5 Easy Mistakes to Avoid in Your Tech Packs

 

Time to read: 5 minutes


 

This post first appeared on Bambify.com

There has been much written about what a tech pack should include, but what about what it shouldn’t? Here are a few tips on what to avoid and how to ensure you stay away from the common pitfalls. 

 

1. Avoid fashion illustrations

Don’t use illustrations in your tech packs! Your tech pack is purely practical in purpose, ‘decorative’ representations could potentially be misinterpreted. It is much more helpful to use ‘flats’, the industry term for to-scale drawings of your garment. 

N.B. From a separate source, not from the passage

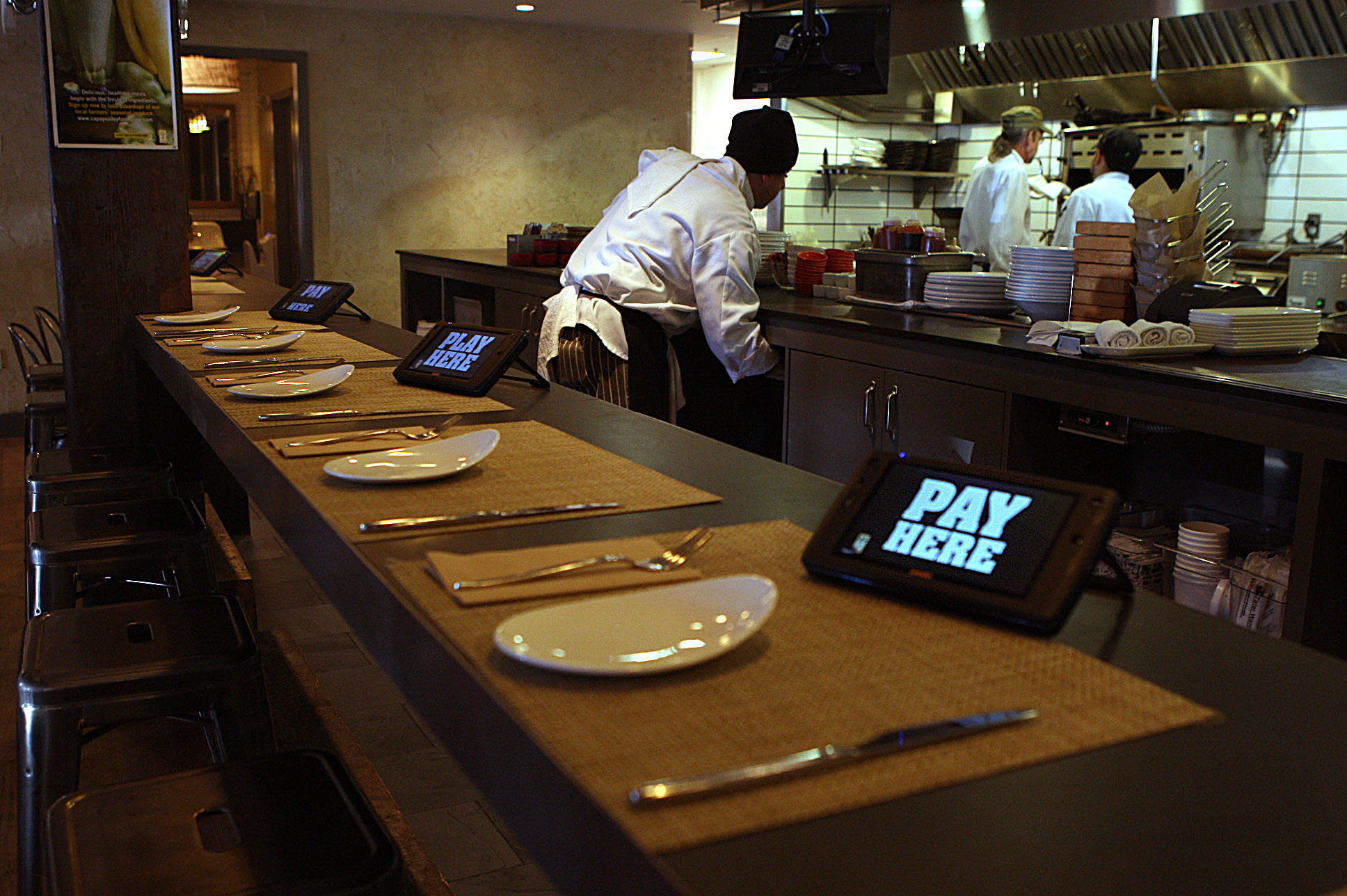 A restaurant counter with place settings of plates and silverware is shown. Tablets displaying "PAY HERE" are placed at intervals. In the background, chefs work in an open kitchen.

Flat drawings should show exactly how your product will look when laid out flat on a table. These should be black line drawings with a 100% white fill.

Don’t use any shading, this can be mistaken for design details that aren’t really there. You want your drawings to be as visually accurate as possible.

If you have a physical sample of your product, you can lay it flat onto a cutting mat with a grid. Use the grid to accurately copy the scale and draw out your garment onto graph paper. 

 

2. Avoid paragraphs

Lots of text can be difficult on the eye in any situation. Think of when you read a blog post or scroll down your Facebook wall. Your eye quickly scans the info and picks bits out. Try to avoid paragraphs or large chunks of text. 

Keep sentences bullet pointed and short. Use text boxes with pointer arrows. Diagrams really help (drawn to scale) here too, anything that can be explained in a picture - use visuals.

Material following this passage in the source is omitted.